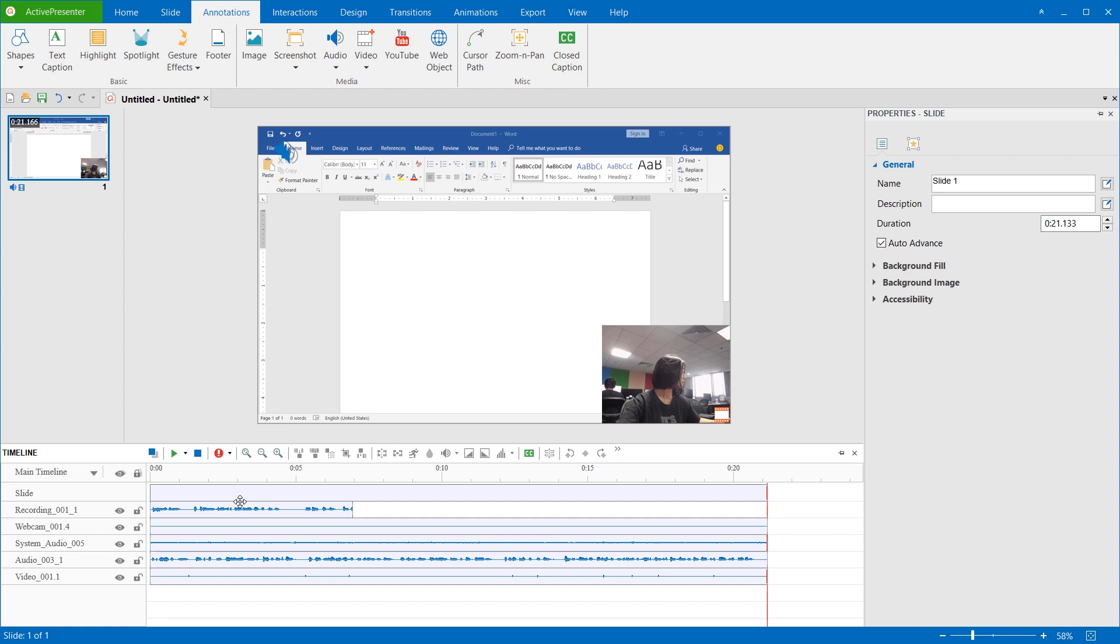So that's enough for recording system audio and audio from microphone in ActivePresenter. See you in other tutorial videos.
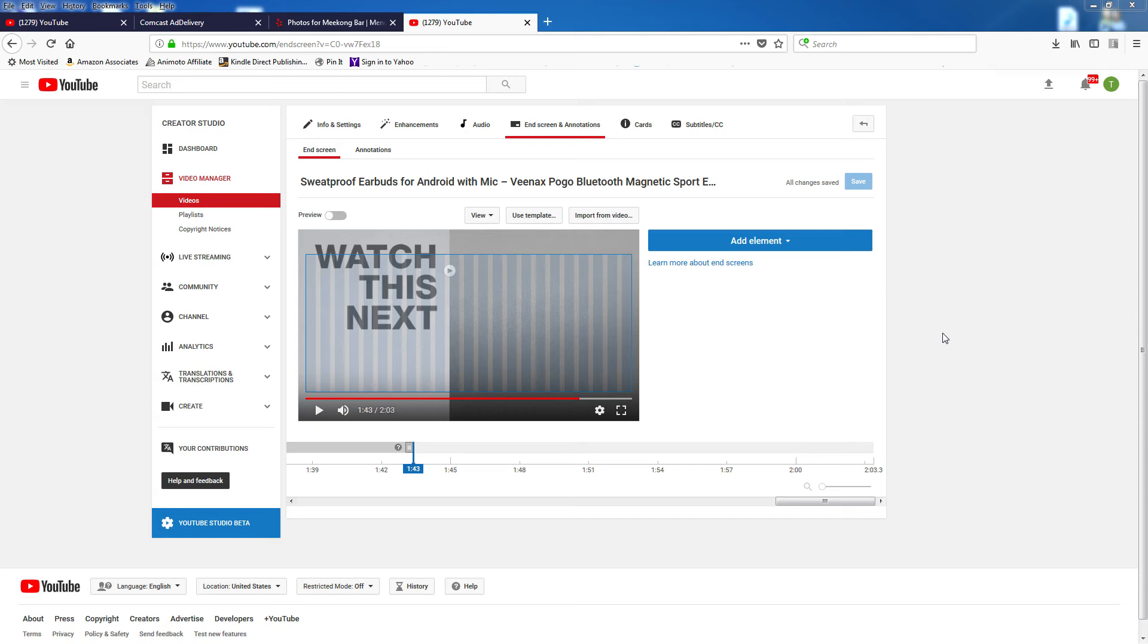If you're not utilizing end screens in your YouTube videos, you could be missing out on getting more views for your videos. So today I'll show you how I set up my end screens.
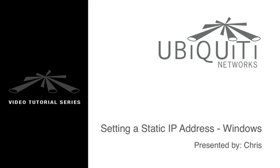This is Chris and I'm going to be showing you how to set a static IP address in Windows 7 so you can access your Ubiquiti device.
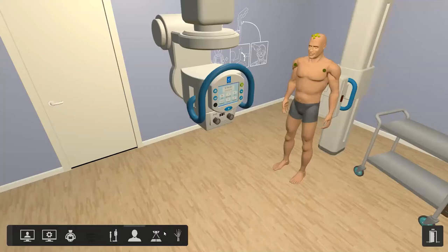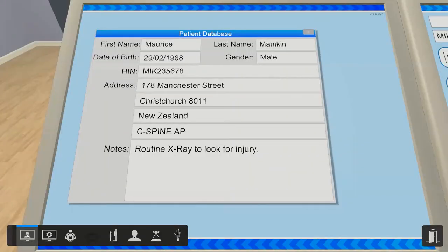So immediately we'll go through the icons down here on the bottom. The first one is your patient database and you should be able to get all of the information you'd expect to see, like you would see on your referral form. We've got Morris the mannequin in here — he's got a name, a date of birth, a hospital information number, and just some notes.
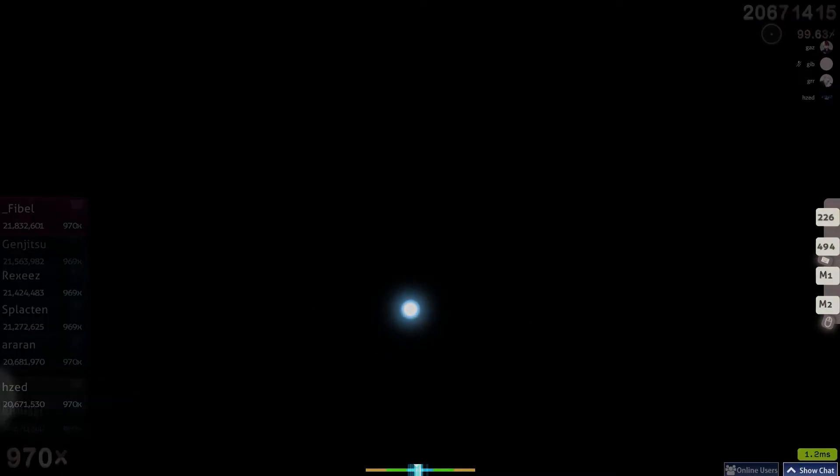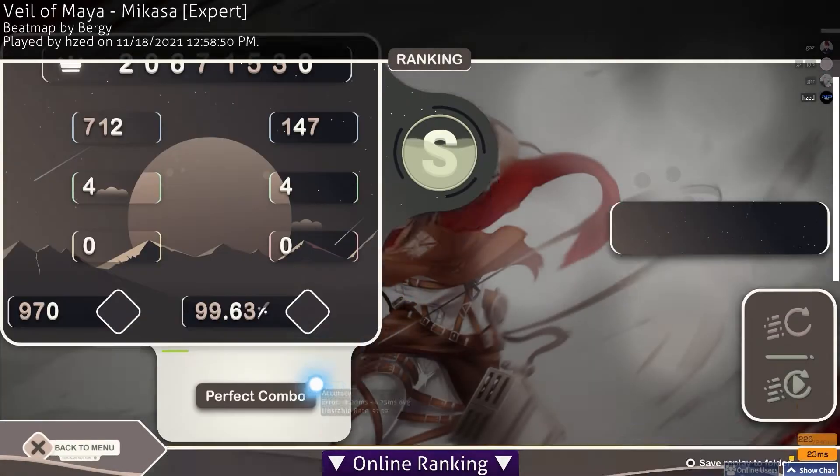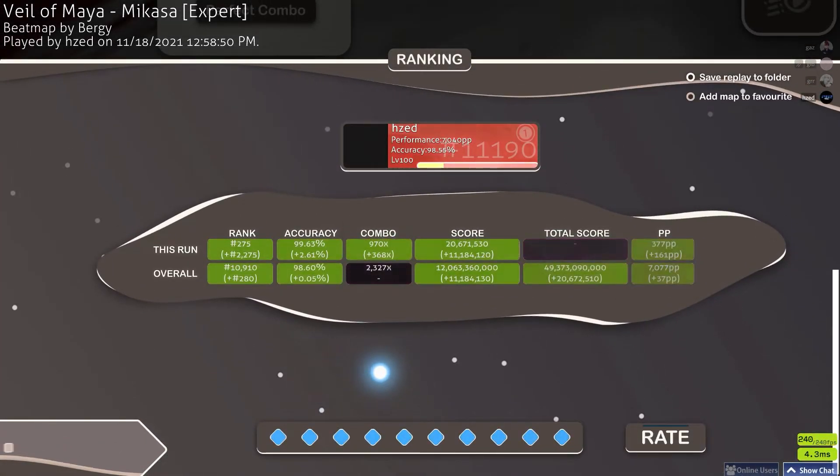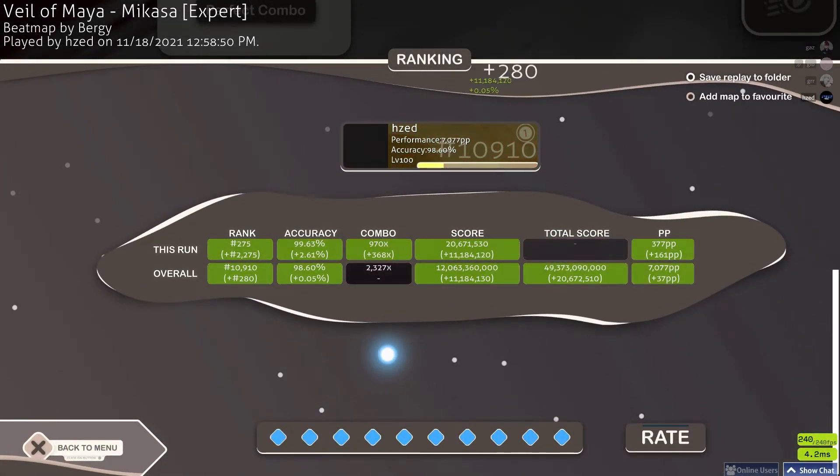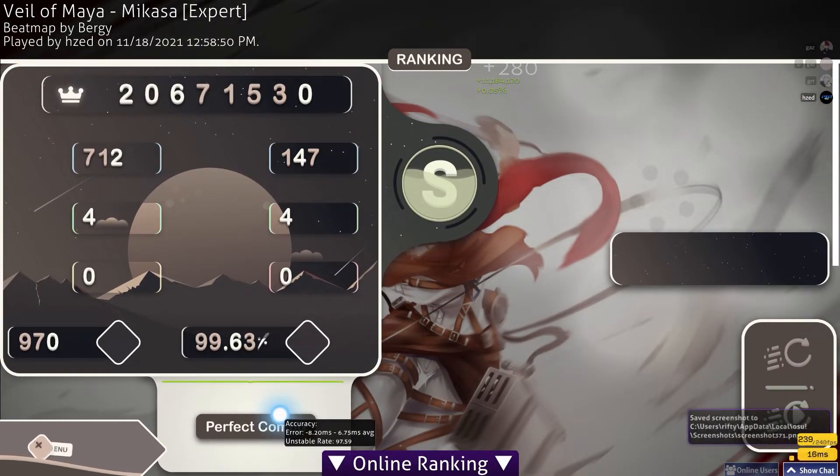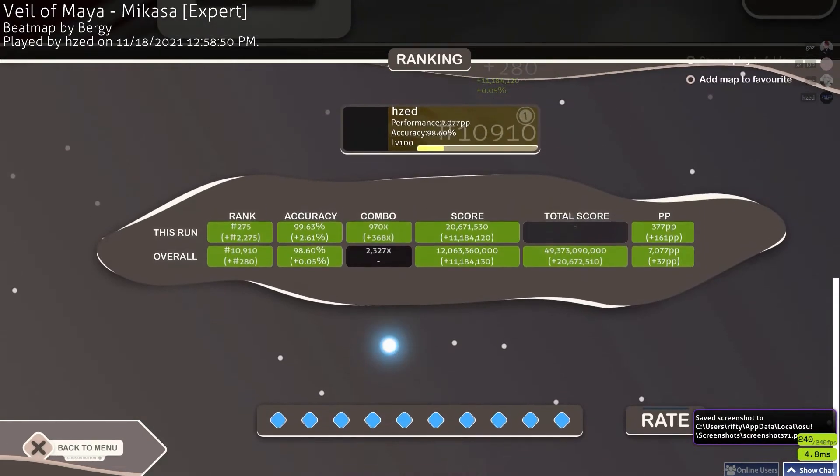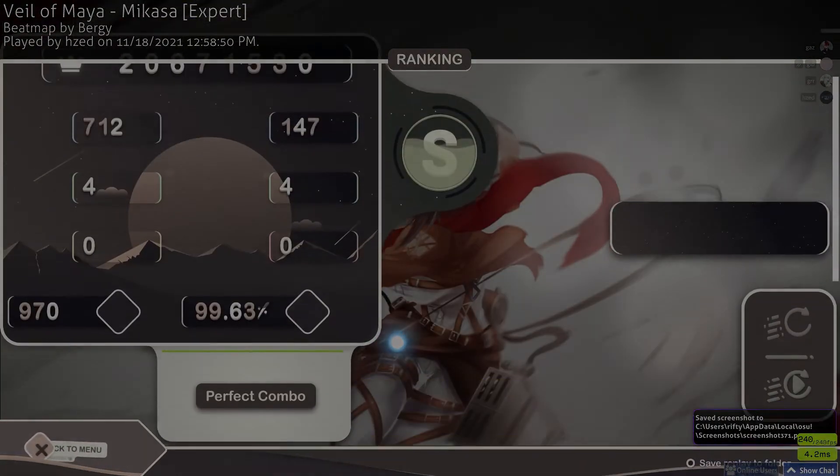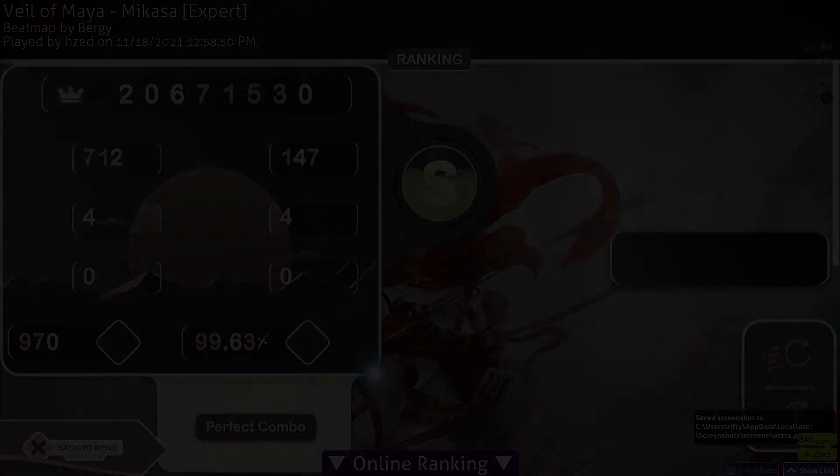Oh my god yes dude holy fuck. 377. Oh my god holy fuck that's such a good score. Holy shit.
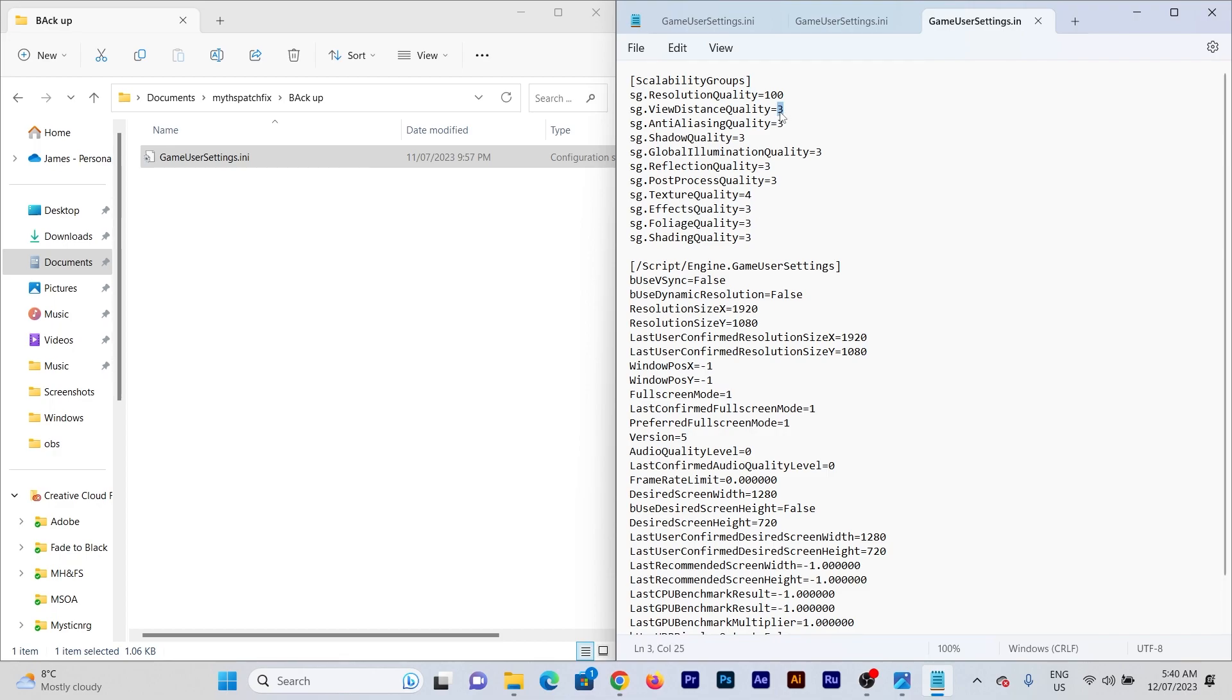They have a range of 0 through 4, with 0 being low, 1 being medium, 2 being high, 3 being very high, and 4 being ultra. So you can actually play with these settings to get it right.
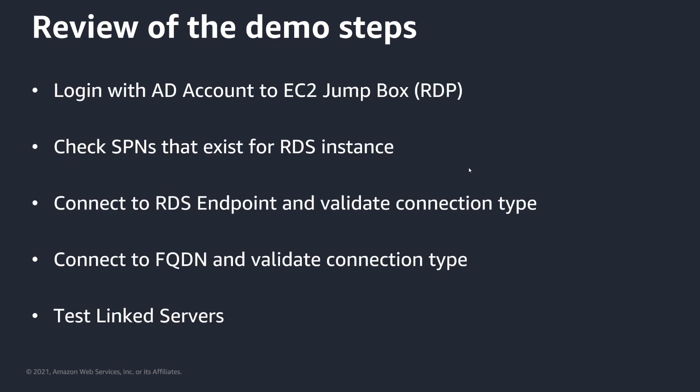So, what we're going to do today during the demo, we're going to log in with our AD account to our EC2 jump box, as I discussed. We'll check the SPNs that exist for our RDS SQL Server instance, and I'll show you the FQDN once that's set up. We'll connect to our RDS Endpoint and validate the connection type. Then, we'll connect to the FQDN and validate the connection type. And, as a bonus, we're going to test the link servers. And, what I want to mention is that RDS SQL Server does support homogeneous link servers at this point, but it only supports them with SQL authentication. And, the reason is because the accounts that are running RDS SQL Server aren't trusted for delegation, as we talked about earlier. So, it's not able to pass the ticket through, and we'll see that during the demo as well. So, let's go ahead and take a deep dive into the demo and look at Kerberos functionality.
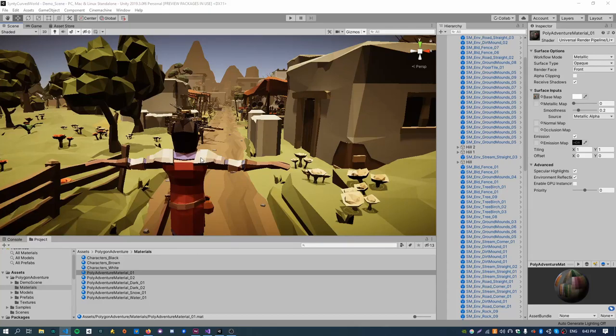Kia ora, welcome back. I'm the Kiwi Coder and today I'm here to show you how to create a curved world shader very similar to the one used in Animal Crossing.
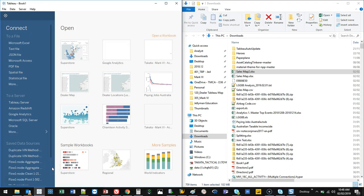Hello there and welcome to another Tableau video. We're going to be discussing live connections versus extracts.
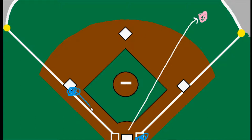The runners are free to run because the ball has not been caught, so they don't even have to tag up. They can just run home. This play would still be scored a sacrifice fly and an error.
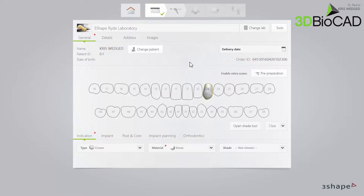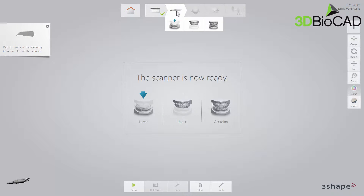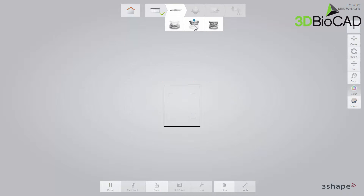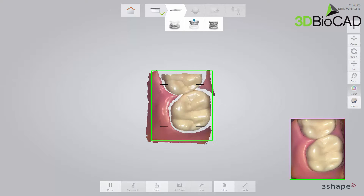When your order is ready, proceed to the scan page and make scans using the recommended scan strategy. For the purpose of this video, only the upper scan will be made, where the restoration is. In order to do that, select the upper arch in the workflow bar and start scanning.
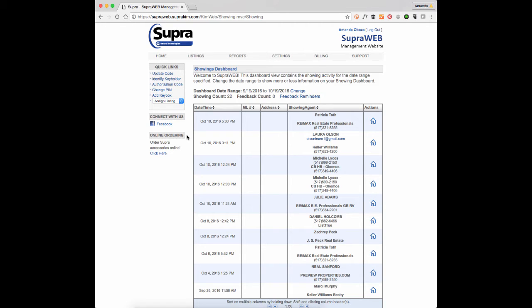When you log into SuperWeb at SuperEKey.com, you're going to see this dashboard.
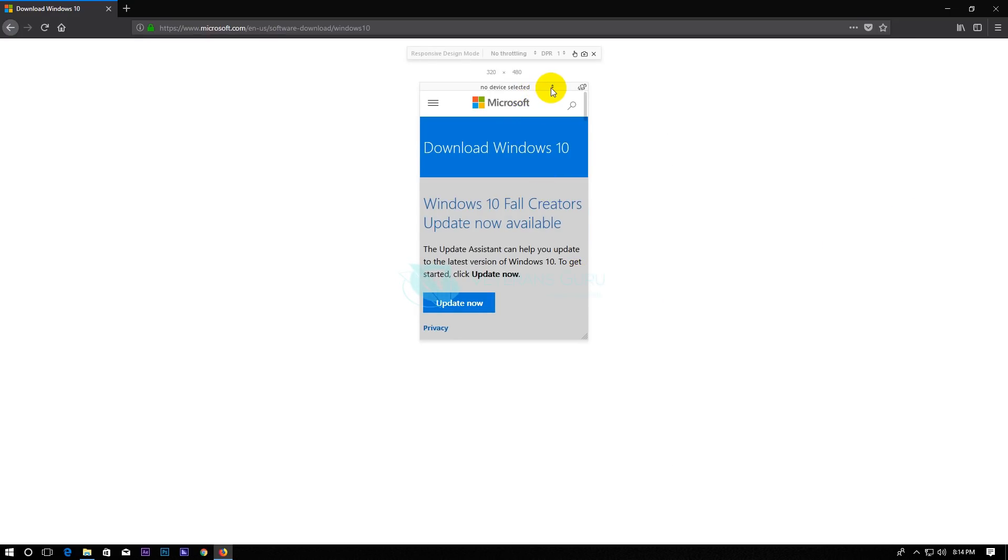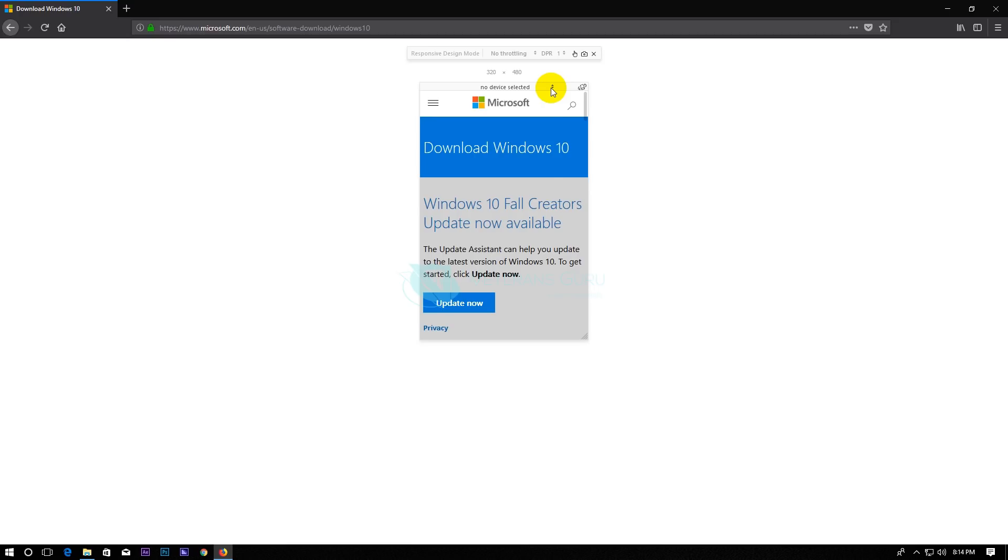Select Google Nexus 7 from the device emulation list, then disable Touch Simulation.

> [What to work on] An exact reprint of the records above is required, with all pictures left out.

> [Output below]
So that's enough for recording system audio and audio from microphone in ActivePresenter. See you in other tutorial videos.
If you're not utilizing end screens in your YouTube videos, you could be missing out on getting more views for your videos. So today I'll show you how I set up my end screens.
This is Chris and I'm going to be showing you how to set a static IP address in Windows 7 so you can access your Ubiquiti device.
So immediately we'll go through the icons down here on the bottom. The first one is your patient database and you should be able to get all of the information you'd expect to see, like you would see on your referral form. We've got Morris the mannequin in here — he's got a name, a date of birth, a hospital information number, and just some notes.
Oh my god yes dude holy fuck. 377. Oh my god holy fuck that's such a good score. Holy shit.
They have a range of 0 through 4, with 0 being low, 1 being medium, 2 being high, 3 being very high, and 4 being ultra. So you can actually play with these settings to get it right.
So, what we're going to do today during the demo, we're going to log in with our AD account to our EC2 jump box, as I discussed. We'll check the SPNs that exist for our RDS SQL Server instance, and I'll show you the FQDN once that's set up. We'll connect to our RDS Endpoint and validate the connection type. Then, we'll connect to the FQDN and validate the connection type. And, as a bonus, we're going to test the link servers. And, what I want to mention is that RDS SQL Server does support homogeneous link servers at this point, but it only supports them with SQL authentication. And, the reason is because the accounts that are running RDS SQL Server aren't trusted for delegation, as we talked about earlier. So, it's not able to pass the ticket through, and we'll see that during the demo as well. So, let's go ahead and take a deep dive into the demo and look at Kerberos functionality.
Kia ora, welcome back. I'm the Kiwi Coder and today I'm here to show you how to create a curved world shader very similar to the one used in Animal Crossing.
Hello there and welcome to another Tableau video. We're going to be discussing live connections versus extracts.
The runners are free to run because the ball has not been caught, so they don't even have to tag up. They can just run home. This play would still be scored a sacrifice fly and an error.
When your order is ready, proceed to the scan page and make scans using the recommended scan strategy. For the purpose of this video, only the upper scan will be made, where the restoration is. In order to do that, select the upper arch in the workflow bar and start scanning.
When you log into SuperWeb at SuperEKey.com, you're going to see this dashboard.
Select Google Nexus 7 from the device emulation list, then disable Touch Simulation.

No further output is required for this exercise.